No one did. He started to get anxious and excited when we would approach any other dogs on walks or at the park, especially small dogs. He would begin to pull and using his old choke collar seemed to be choking him. He didn't respond well at all to any corrections with a choke collar so I decided on a prong collar. It works well, practically effortless with corrections. 

Is he too young for it? I'm not extreme in the least with corrections, he doesn't appear to be hurt as a result of using it. All in all, it works well. Am I doing something wrong? Feel free to criticize me as Ive been around dogs my whole life, but this is my first experience training and socializing a dog to do just about anything and go anywhere with me. 

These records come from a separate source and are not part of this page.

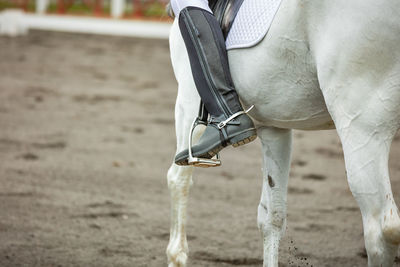 Close-up of horse standing on field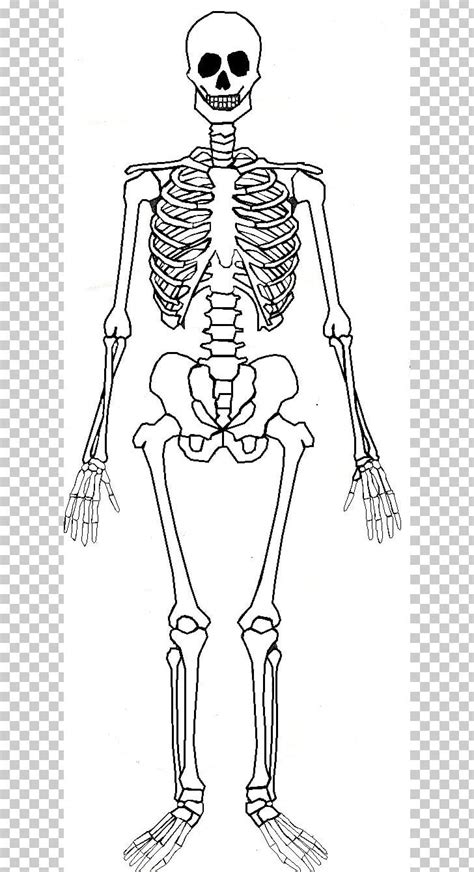 Human Skeleton Human Body Bone Anatomy Png Free Download Human
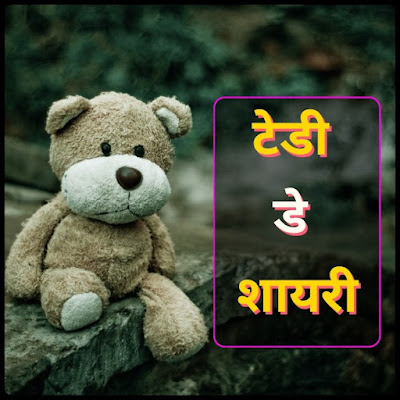 Teddy Day Shayari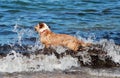 Dog swimming Royalty Free Stock Photo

*Chicagocanine*: I'd like a harness to help diminish his desire to pull on walks, park trips, hiking, beach trips. Maybe someday I could get into tracking or agility but for now the only things I'd be doing were those that I mentioned.


----------



## HMV (May 17, 2010)

Don't get me wrong, I'm not criticizing you. I have only ever seen them used on adult dogs, if you know how to use it properly and it gets the desired result fine. Far better for you to take the dog for a walk than vice versa.


----------



## sadie006 (Feb 19, 2010)

Lucy is 4 mo. old and our trainer recommended An Easy Walk Harness.


----------



## LaRen616 (Mar 4, 2010)

Sinister is 15 months old and used to drag me up and down the street. I bought him a Canine Concepts Non Pull Mesh Harness and now he walks like an angel. I bought it at Petco for $19.99


----------



## eyezik (Apr 22, 2010)

LaRen616 said:


> Sinister is 15 months old and used to drag me up and down the street. I bought him a Canine Concepts Non Pull Mesh Harness and now he walks like an angel. I bought it at Petco for $19.99



Thanks, I think I may just do that.


----------



## LaRen616 (Mar 4, 2010)

eyezik said:


> Thanks, I think I may just do that.


Good luck, let me know how it works for you.


----------



## bianca (Mar 28, 2010)

Molly pulls and pulls and pulls when walking. I've tried walking in the opposite direction, stopping and making like a tree, a half check chain, a full check chain, using treats when heeling and so far no great success. So tonight at Obedience my trainer put an Infinity halter on her and by God did it work! I had never heard of them and she said you cannot buy them in the shops here (Aus) so ordered from overseas. I know it's just a tool until I can work out how to get her to walk nicely on a flat collar but in the meantime I am so looking forward to our walks


----------



## Chris Wild (Dec 14, 2001)

eyezik said:


> I'd like a harness to help diminish his desire to pull on walks, park trips, hiking, beach trips.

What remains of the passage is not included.